Nueva York.– La crisis financiera griega puso en riesgo la supervivencia misma del euro. En el momento de la creación del euro, a muchos los preocupaba su viabilidad a largo plazo. Cuando todo salió bien, esas preocupaciones pasaron al olvido. Pero el interrogante sobre cómo se aplicarían los ajustes si parte de la eurozona resultara afectada por un fuerte shock adverso perduró. Corregir el tipo de cambio y delegar la política monetaria al Banco Central Europeo eliminó dos recursos primordiales a través de los cuales los gobiernos nacionales estimulan sus economías para evitar la recesión. ¿Qué podía reemplazarlos?

El premio Nobel Robert Mundell estableció las condiciones según las cuales una moneda única podía funcionar. Europa no cumplió con esas condiciones en su momento; y sigue sin hacerlo. La eliminación de barreras legales para el movimiento de trabajadores creó un mercado laboral único, pero las diferencias lingüísticas y culturales hacen que la movilidad laboral al estilo norteamericano resulte inalcanzable.
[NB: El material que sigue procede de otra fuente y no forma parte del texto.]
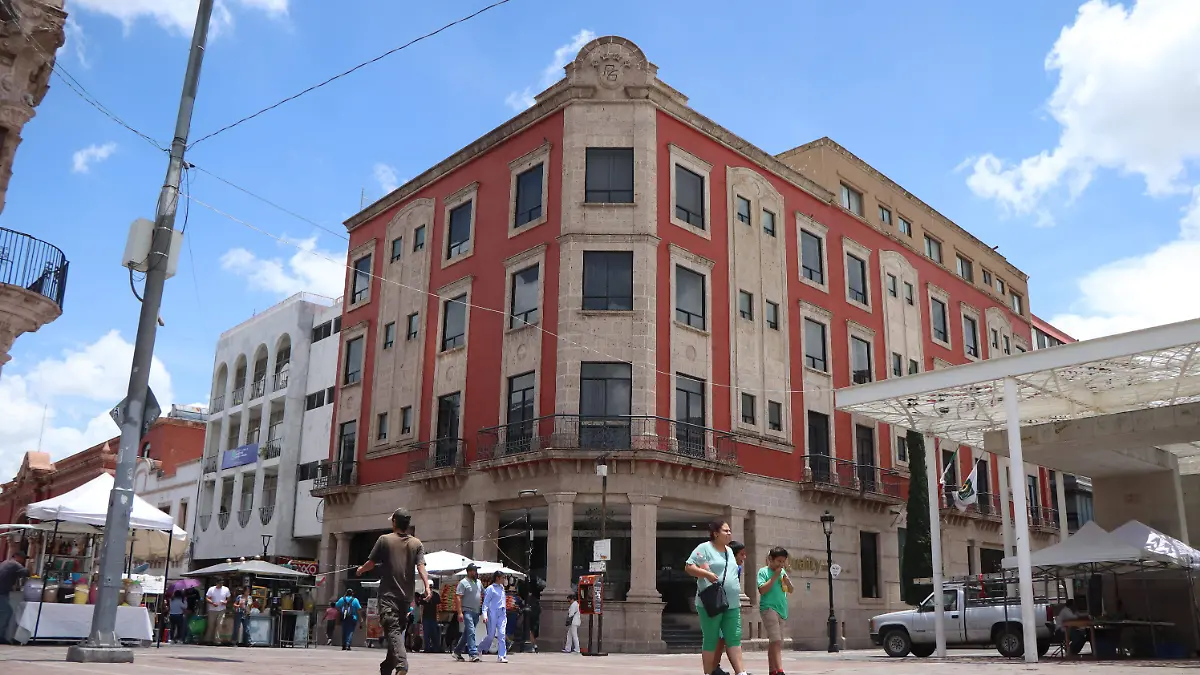 HOTEL QUALITY INN_PEDRO GARCÍA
Es más, Europa no tiene manera de ayudar a aquellos países que enfrentan problemas serios. Consideremos el caso de España, que tiene una tasa de desempleo del 20% –y más del 40% entre la gente joven–. El país tenía un excedente fiscal antes de la crisis; después de la crisis, su déficit aumentó a más del 11% del PBI. Pero, según las reglas de la Unión Europea, España ahora debe recortar su gasto, lo cual, probablemente, exacerbe el desempleo. Conforme su economía se ralentiza, la mejora de su posición fiscal puede ser mínima.

Algunos esperaban que la tragedia griega convenciera a los estrategas políticos de que el euro no puede andar bien sin una mayor cooperación (asistencia fiscal incluida). Pero Alemania (y su Corte Constitucional), en parte a raíz de la opinión popular, se ha opuesto a darle a Grecia la ayuda que necesita.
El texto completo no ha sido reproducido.